Overexpression of COX III induces apoptosis in HL-1 cardiac myocytes. A: terminal deoxynucleotidyl transferase-mediated dUTP nick end labeling (TUNEL) analysis of HL-1 cells exposed to increased concentrations (4 and 8 μg) of pEF-BOS-C8C3F plasmid. B: activity of caspase-3, as measured by ELISA, in HL-1 cells exposed to empty vector or 4 μg of pEF-BOS-C8C3F plasmid. OD A_450nm, optical density absorbance at 450 nm. Values are means ± SE for experiments performed in triplicate. *P < 0.05 vs. vector. C: caspase-3 cleavage, as measured by Western blotting, in HL-1 cells exposed to empty vector or 4 μg of pEF-BOS-C8C3F plasmid. Values are means ± SE for experiments performed in triplicate. *P < 0.05 vs. vector.

Fig. 6.

Reactive oxygen species (ROS) production in HL-1 cells exposed to COX III overexpression. ROS production was detected using the fluorescent marker 2′,7′-dichlorodihydrofluorescein diacetate (H₂DCF-DA). ROS production was increased 2.4-fold by transfection with 4 μg of pEF-BOS-C8C3F plasmid compared with the empty vector. Values are means ± SE for experiments performed in triplicate. *P < 0.05 vs. vector.

Fig. 7.

Decreased cell viability upon COX III overexpression in the presence of H₂O₂ in HL-1 cells. Viability of cells transfected with the empty vector or with 4 μg of pEF-BOS-C8C3F plasmid was evaluated by trypan blue in response to oxidative stress induced by increasing concentrations of H₂O₂ (0, 50, 100 and 200 μM). Values are means ± SE for experiments performed in triplicate. *P < 0.05 vs. corresponding vector. #P < 0.05 vs. corresponding group at 0 μM H₂O₂. Inset: average H₂O₂-induced decrease in cell viability was greater with COX III overexpression than in the presence of the empty vector (*P < 0.05 vs. vector).

Fig. 8.

Expression of COX I and III in COX III transcripts in HL-1 cells treated with or without 200 μM H₂O₂ and in the presence or absence of COX III overexpression. A: transcription of COX I, as measured by quantitative real-time PCR, was not changed in the vector group treated with H₂O₂ but was significantly decreased upon COX III overexpression (4 μg of plasmid).

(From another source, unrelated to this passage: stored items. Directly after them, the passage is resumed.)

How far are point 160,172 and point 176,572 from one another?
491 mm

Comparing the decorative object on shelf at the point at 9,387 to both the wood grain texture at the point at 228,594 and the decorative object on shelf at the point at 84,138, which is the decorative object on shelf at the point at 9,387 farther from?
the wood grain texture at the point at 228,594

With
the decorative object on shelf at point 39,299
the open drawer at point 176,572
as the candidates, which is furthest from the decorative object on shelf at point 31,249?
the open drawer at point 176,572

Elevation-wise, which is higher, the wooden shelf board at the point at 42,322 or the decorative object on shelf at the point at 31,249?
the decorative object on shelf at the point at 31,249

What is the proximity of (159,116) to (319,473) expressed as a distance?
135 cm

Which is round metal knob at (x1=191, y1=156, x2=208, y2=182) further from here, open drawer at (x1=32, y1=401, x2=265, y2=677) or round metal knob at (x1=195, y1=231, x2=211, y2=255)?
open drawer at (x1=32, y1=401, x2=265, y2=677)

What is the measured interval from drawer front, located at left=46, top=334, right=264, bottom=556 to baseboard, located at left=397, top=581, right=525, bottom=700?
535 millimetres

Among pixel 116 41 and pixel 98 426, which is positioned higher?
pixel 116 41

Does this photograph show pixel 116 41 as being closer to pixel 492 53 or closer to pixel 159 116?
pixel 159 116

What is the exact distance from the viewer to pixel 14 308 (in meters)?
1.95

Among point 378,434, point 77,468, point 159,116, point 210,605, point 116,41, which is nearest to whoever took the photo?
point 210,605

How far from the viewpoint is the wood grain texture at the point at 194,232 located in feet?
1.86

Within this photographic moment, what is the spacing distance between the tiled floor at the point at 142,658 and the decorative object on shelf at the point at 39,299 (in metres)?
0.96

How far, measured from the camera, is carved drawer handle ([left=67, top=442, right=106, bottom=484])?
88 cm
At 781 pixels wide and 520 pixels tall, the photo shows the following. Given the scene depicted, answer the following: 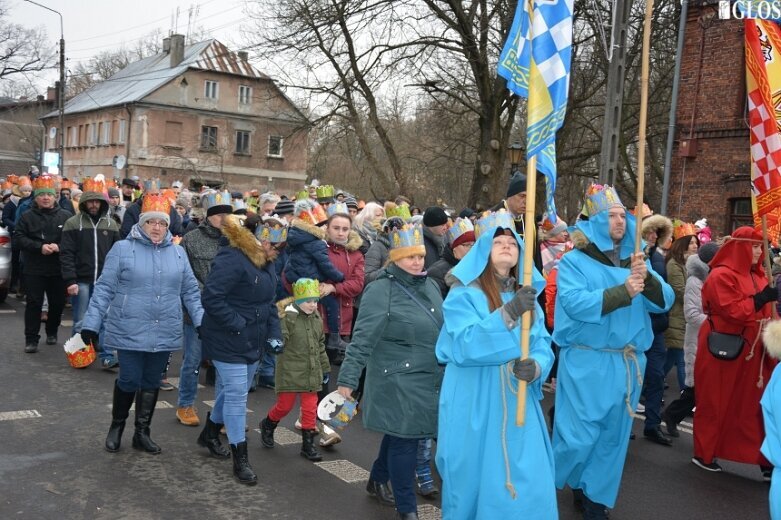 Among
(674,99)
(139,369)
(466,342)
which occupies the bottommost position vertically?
(139,369)

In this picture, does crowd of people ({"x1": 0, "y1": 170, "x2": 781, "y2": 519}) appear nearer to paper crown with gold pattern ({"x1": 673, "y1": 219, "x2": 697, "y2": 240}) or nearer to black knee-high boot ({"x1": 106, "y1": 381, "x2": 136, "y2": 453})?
black knee-high boot ({"x1": 106, "y1": 381, "x2": 136, "y2": 453})

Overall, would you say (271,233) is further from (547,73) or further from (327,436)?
(547,73)

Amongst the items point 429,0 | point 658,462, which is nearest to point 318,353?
point 658,462

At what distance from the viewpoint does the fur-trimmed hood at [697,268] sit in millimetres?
8125

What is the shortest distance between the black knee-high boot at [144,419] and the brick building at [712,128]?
52.3 ft

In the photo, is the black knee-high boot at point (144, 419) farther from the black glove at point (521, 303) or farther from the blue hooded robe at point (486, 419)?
the black glove at point (521, 303)

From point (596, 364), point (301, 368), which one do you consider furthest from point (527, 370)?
point (301, 368)

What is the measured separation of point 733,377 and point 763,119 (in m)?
2.19

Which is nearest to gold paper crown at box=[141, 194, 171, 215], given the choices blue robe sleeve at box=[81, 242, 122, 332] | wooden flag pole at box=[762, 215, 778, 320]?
blue robe sleeve at box=[81, 242, 122, 332]

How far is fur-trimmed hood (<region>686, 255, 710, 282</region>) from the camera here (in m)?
8.12

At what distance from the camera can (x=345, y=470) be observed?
246 inches

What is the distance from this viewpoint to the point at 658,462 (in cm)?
700

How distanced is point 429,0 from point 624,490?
19.1 meters

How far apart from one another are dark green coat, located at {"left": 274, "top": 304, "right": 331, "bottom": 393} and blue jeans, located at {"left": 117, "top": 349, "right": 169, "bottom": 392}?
35.4 inches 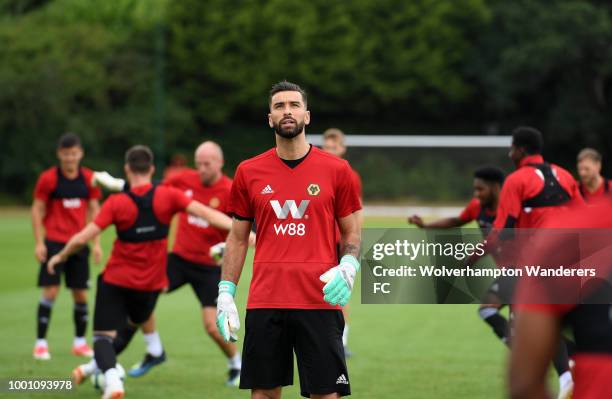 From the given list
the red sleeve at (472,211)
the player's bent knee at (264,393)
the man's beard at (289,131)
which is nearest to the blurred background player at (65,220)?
the red sleeve at (472,211)

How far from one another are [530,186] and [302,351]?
3.18 meters

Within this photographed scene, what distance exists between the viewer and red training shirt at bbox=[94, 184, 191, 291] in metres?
8.63

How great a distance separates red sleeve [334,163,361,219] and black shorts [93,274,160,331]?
3.29m

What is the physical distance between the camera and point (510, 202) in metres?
8.30

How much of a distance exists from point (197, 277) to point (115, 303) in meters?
1.57

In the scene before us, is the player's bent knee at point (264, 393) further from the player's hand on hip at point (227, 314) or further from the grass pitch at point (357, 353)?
the grass pitch at point (357, 353)

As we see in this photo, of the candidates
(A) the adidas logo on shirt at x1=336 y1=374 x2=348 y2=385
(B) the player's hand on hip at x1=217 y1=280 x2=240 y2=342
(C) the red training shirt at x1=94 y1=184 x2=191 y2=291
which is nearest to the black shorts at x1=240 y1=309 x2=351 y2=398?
(A) the adidas logo on shirt at x1=336 y1=374 x2=348 y2=385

B: COX III transcription was increased significantly after treatment with H₂O₂ in transfected (4 μg of plasmid) and nontransfected (vector) controls compared with the corresponding groups without H₂O₂ treatment. Values are means ± SE for experiments performed in triplicate. *P < 0.05 vs. corresponding vector. #P < 0.05 vs. corresponding group without H₂O₂.